First time poster here with a feeder calculation question. I'm nearly certain on the right path but, I just want to double check my work here. The short of it is this: I have feeders that, following the principles of 215.2(a) or (b) have boiled down to 19.2 amps (for 215.2(a)) for the 125% continuous load calculation and 23.8 amps for (215.2(b)) after adjustment and correction factors. Here's my train of thought: Feeder conductors would be of THHN and so 12 AWG, would be the appropriate wire size.

I derated off the 90 degree column, and the ampacity of the wire under the 60 degree and 90 degree is sufficient for the original load to be supported without adjustment factors (16.56) amps. Am I wrong? Should I size up to 10 AWG to support the adjusted load of 23.8 amps? I understand the application of 110.14(c) as well as when it is permitted to apply adjustment and correction factors as seen in 310.15(a), and that the conductor's ampacity is ultimately in regards to the terminations (which in this case would be 60 degrees) but I want to make sure that I'm following the right path where that ampacity under the 60 degree column is only to support the actual load and not the adjusted or corrected load.

Thanks.
 
Last edited:

Dennis Alwon

Moderator
Staff member
Location
Chapel Hill, NC
Occupation
Retired Electrical Contractor
I don't understand your train of thought. 19.2 amps x 125% = 24 amps.
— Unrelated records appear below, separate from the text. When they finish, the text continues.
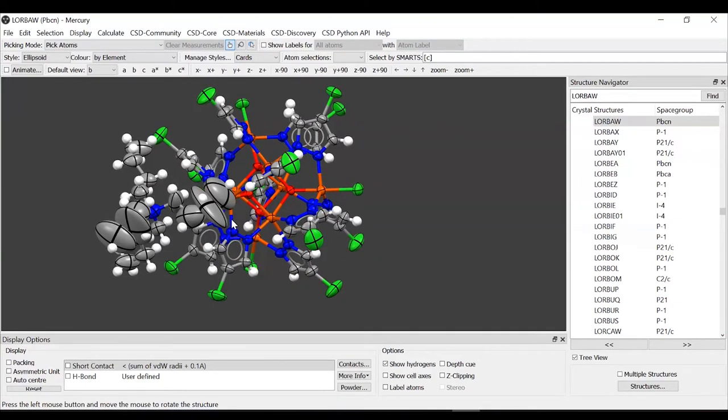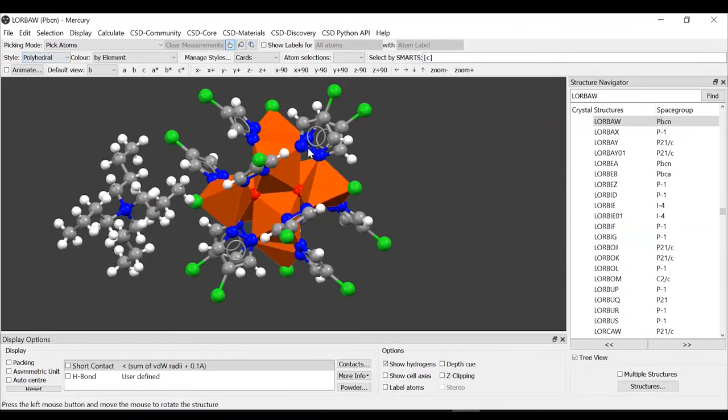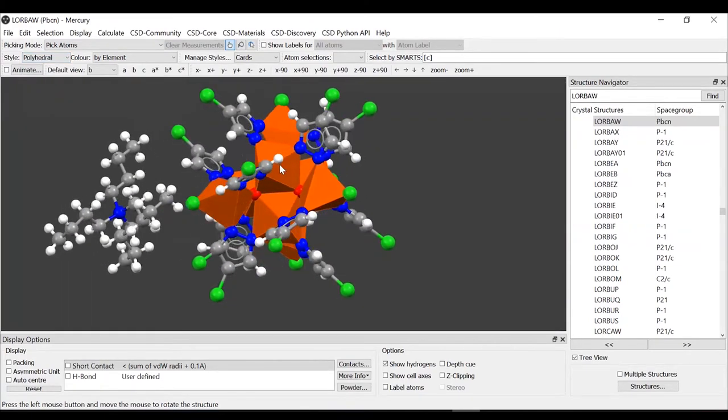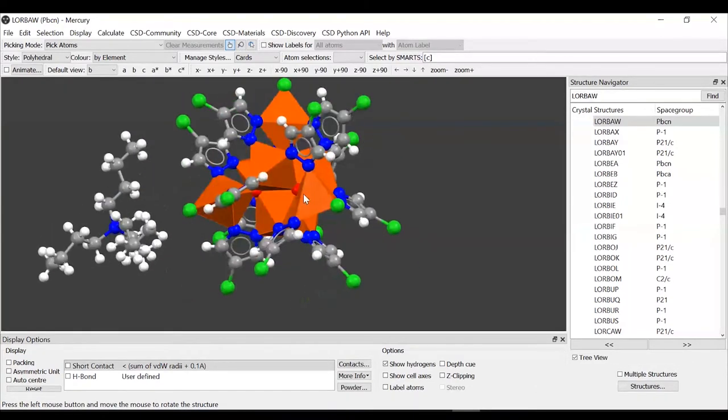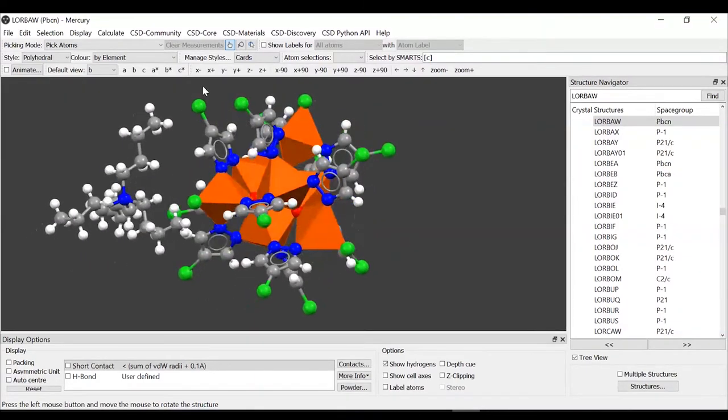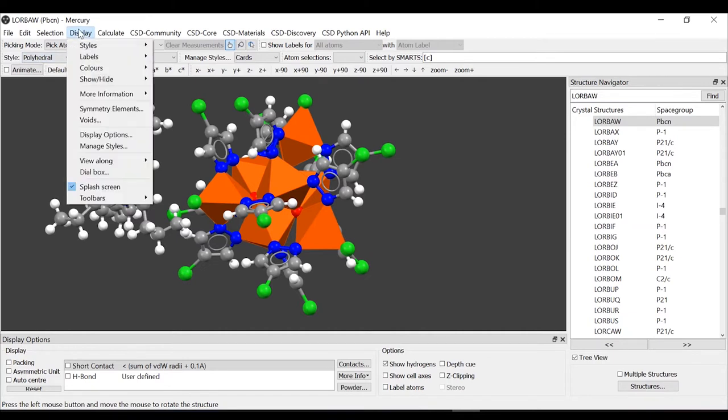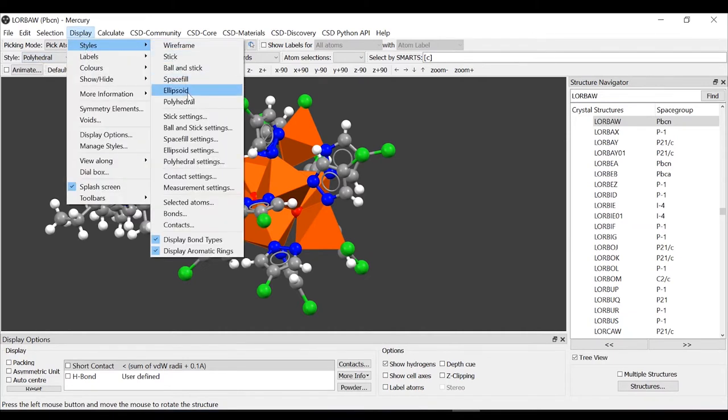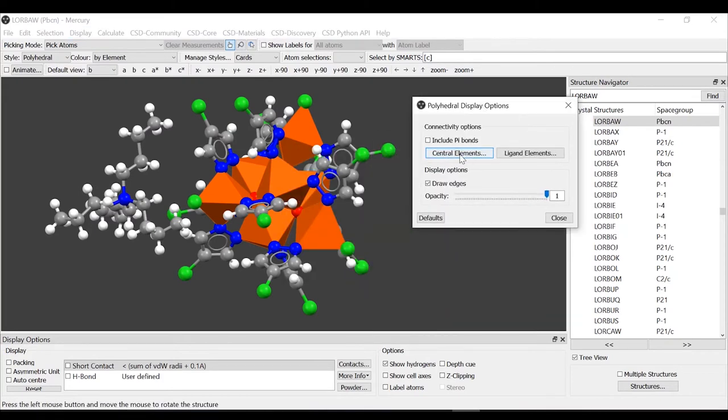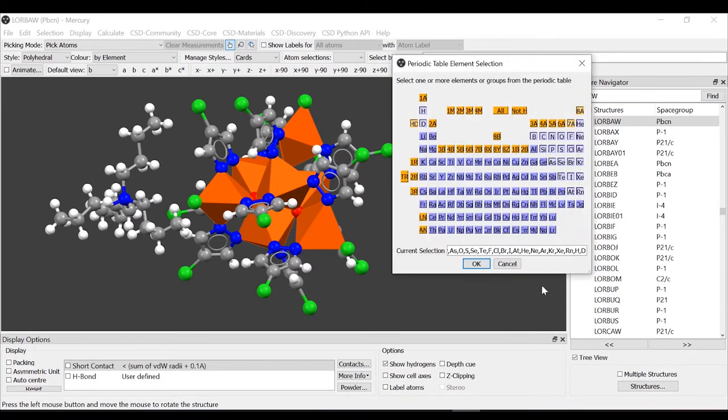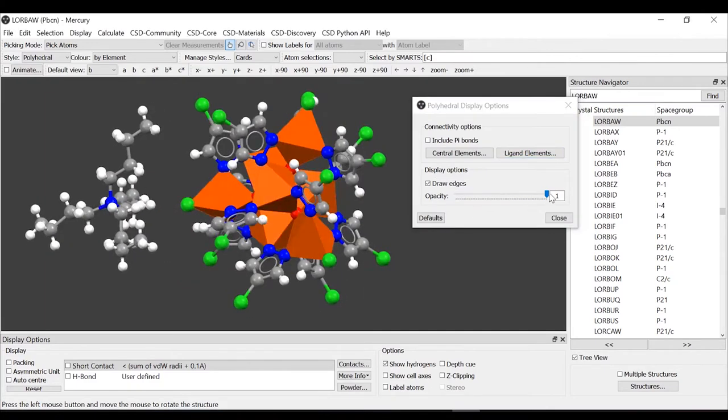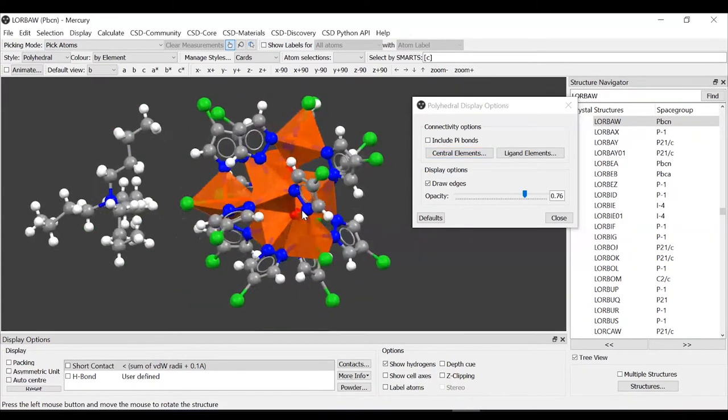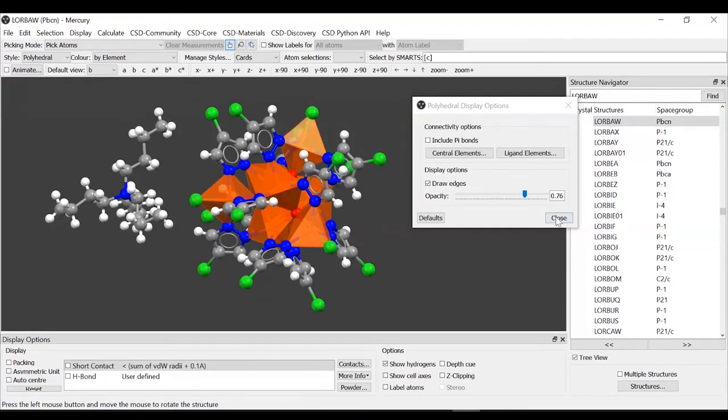We can also use this structure to see a different style, which is the polyhedral style, which as you can see represents polyhedra around the iron atoms. You can also in this case edit the settings. We went to style polyhedral. For the settings, we go to display styles, polyhedral settings. Here you can learn and edit which are the central elements for the polyhedral. We have our list here. Again, you can do it for the ligand element. You can decide about the opacity of the polyhedral and whether or not you want to draw the edges.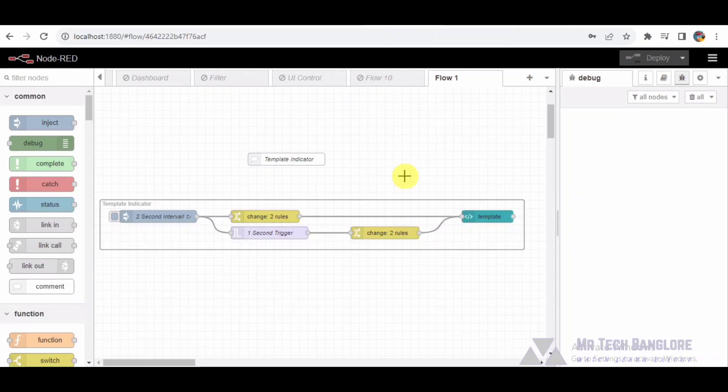This modular and organized approach makes it easy to customize and extend the functionality for different applications, providing a powerful tool for real-time status representation. If you like this demo, don't forget to subscribe and hit the bell icon.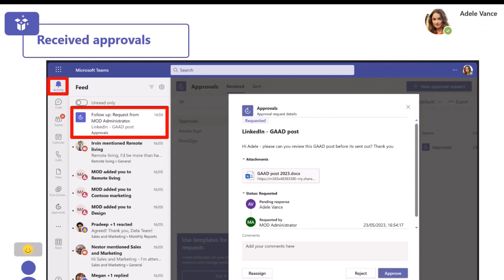I've now switched over to Adele's profile to see what the journey looks like for her as an approver. In the activity pane, she has received a follow up request - that extra notification to go in and complete this approval. When she clicks on that item in her activity feed, it opens up the approvals app and the approval for her to complete.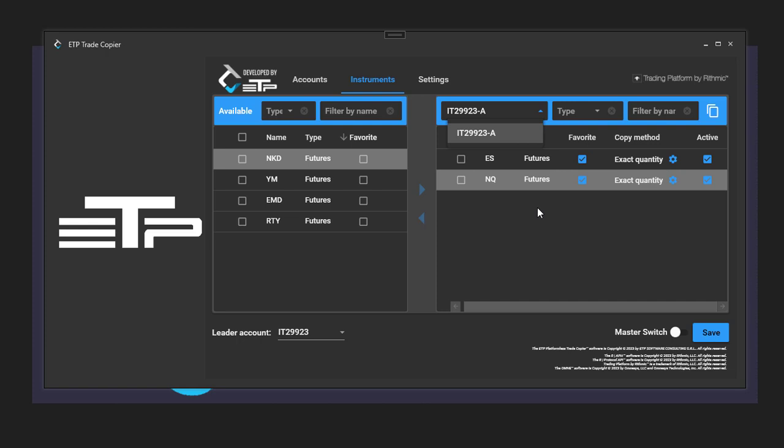So for example, if in one account you want to trade the ES and the Nasdaq, and in another account you want to trade, for example, the RTY and the YM, you select the separate account and you move those instruments over.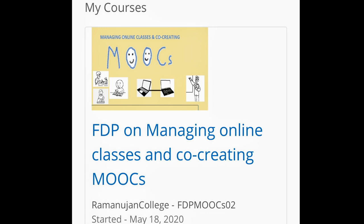Every day we were asked to appear for quizzes and then immediately after that submit the assignments. I found the quizzes very interesting as they were almost based on hands-on training on Google Classroom, Google Sites, Google Docs, Zoom, OBS Studio, and OpenShot.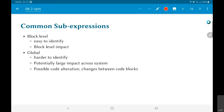Block-level common sub-expression elimination is easy to identify and will have block-level impact. Global-level could potentially have larger impact because it can affect multiple functions and multiple code blocks, but it is usually harder to identify and implement.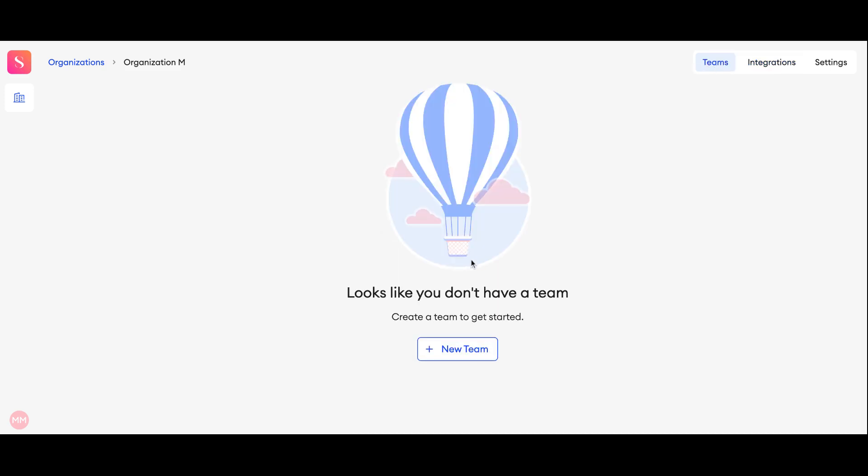On the teams part you are able to create a team, invite your team members, and create projects.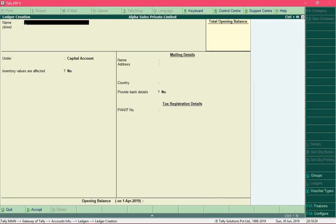The ledger creation screen will appear — its name is displayed on the top left corner of the screen. Now let's create the first ledger, which is the Capital Account. The name of the account is Owner's Capital, so in the Name field type the name of the ledger you are creating.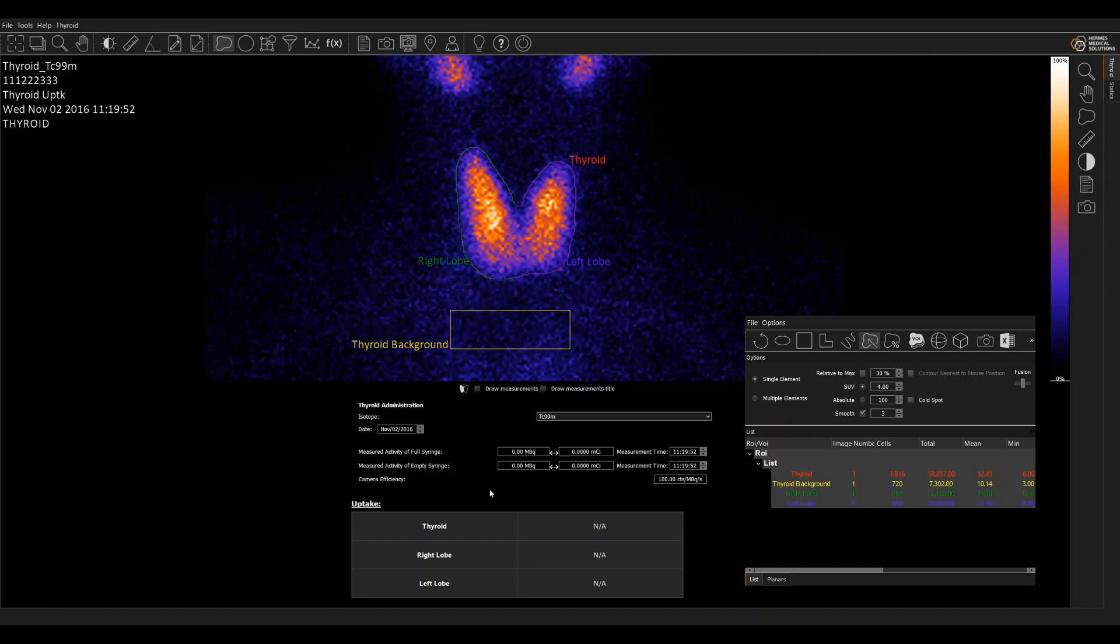Now I will type in here the full syringe activity. So let's just say that was 100. We could type in a residual if we had one here. This camera efficiency is saved in the protocol. So you'd have to measure that separately and enter that for the protocol to calculate the uptake here in the thyroid.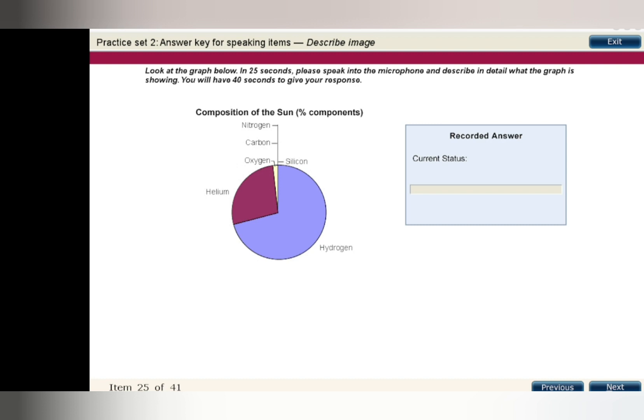The sun is mainly made up of hydrogen and helium with very small amounts of oxygen, carbon, nitrogen, and silicon. There are about three-quarters hydrogen and one-quarter helium.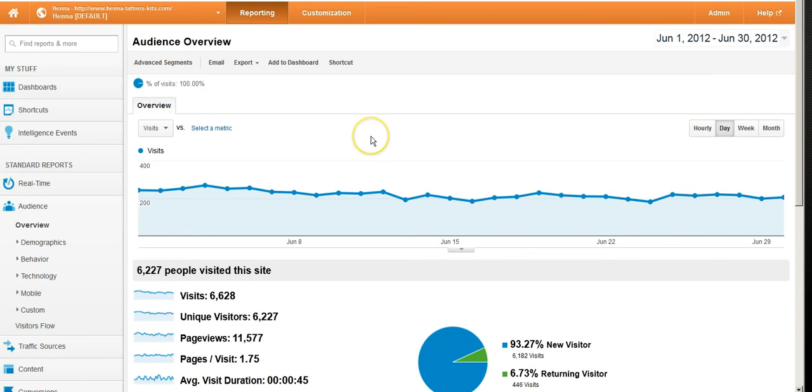This is Dave Davies from Beanstalk SEO here doing part three of our short series on a layman's guide to analytics. In this one, what we're going to be covering is just ways of looking a little further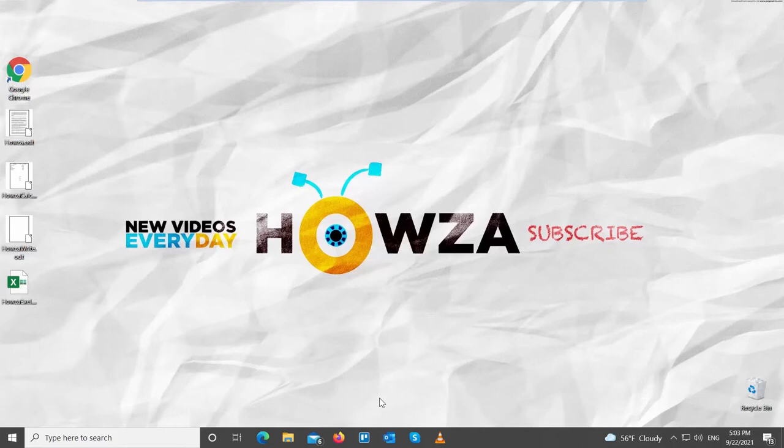Hey! Welcome to Howza Channel! In today's lesson, you will learn how to put text over an image in LibreOffice.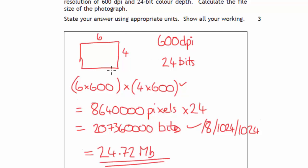So again, work out the number of pixels along, number of pixels down, multiply them together just like calculating the area. This is how many bits are used to save each pixel, so we work out the number of bits and then just get it into an appropriate unit.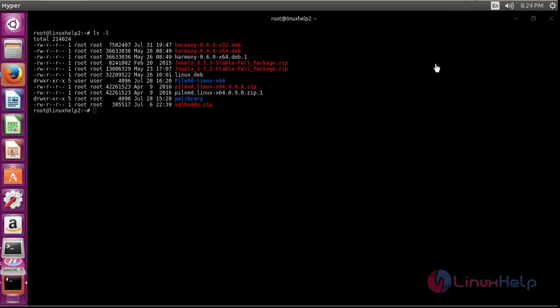Similarly, you can drag and drop URLs from the browser towards the terminal. Thus we have installed Hyper on Ubuntu 16.04.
Are you using nm cable? Your conductor must be rated for 24 amps minimum after and de-rating, etc
 
Location
California
Occupation
Electrician
I don't understand your train of thought. 19.2 amps x 125% = 24 amps. Are you using nm cable? Your conductor must be rated for 24 amps minimum after and de-rating, etc
Hey Dennis,

Let me clarify. That 19.2 Amps is the total load for one of the units being supported by the feeder and has already factored in the continuous load as 215.2 (A) (1) calls for. Just didn't include the calculation.
 

Dennis Alwon

Moderator
Staff member
Location
Chapel Hill, NC
Occupation
Retired Electrical Contractor
So this is a branch circuit not a feeder and the calculated load is 19.2 after 125% was added to it. Then #12 is fine. And yes, if the conductor is rated 90C then you can de-rate from the 90C column but generally, the overcurrent protective device must not be greater than 60C for nm cable and 75 for the rest.
 
Location
California
Occupation
Electrician
These are feeders. It's just an imagined project I've assigned myself for a small area with a few receptacles and lights (just wanted to make sure that I'm on the right track). So, in summary, although part b of 215.2 calls for derating off the 90 degree column, and those derating calculations call for 23 amps, I can still use 12 awg since its 90 degree ampacity is 30 amps and since it's 60 degree ampacity can support the original load without correction or adjustment. Is that a correct line of thinking?
 

Dennis Alwon

Moderator
Staff member
Location
Chapel Hill, NC
Occupation
Retired Electrical Contractor
These are feeders. It's just an imagined project I've assigned myself for a small area with a few receptacles and lights (just wanted to make sure that I'm on the right track). So, in summary, although part b of 215.2 calls for derating off the 90 degree column, and those derating calculations call for 23 amps, I can still use 12 awg since its 90 degree ampacity is 30 amps and since it's 60 degree ampacity can support the original load without correction or adjustment. Is that a correct line of thinking?
Your are confusing me. If your load is 19 amps after the 125% then how are we getting to 23 amps. If you have other de-rating issues then your conductor must be rated for 23 amps minimum.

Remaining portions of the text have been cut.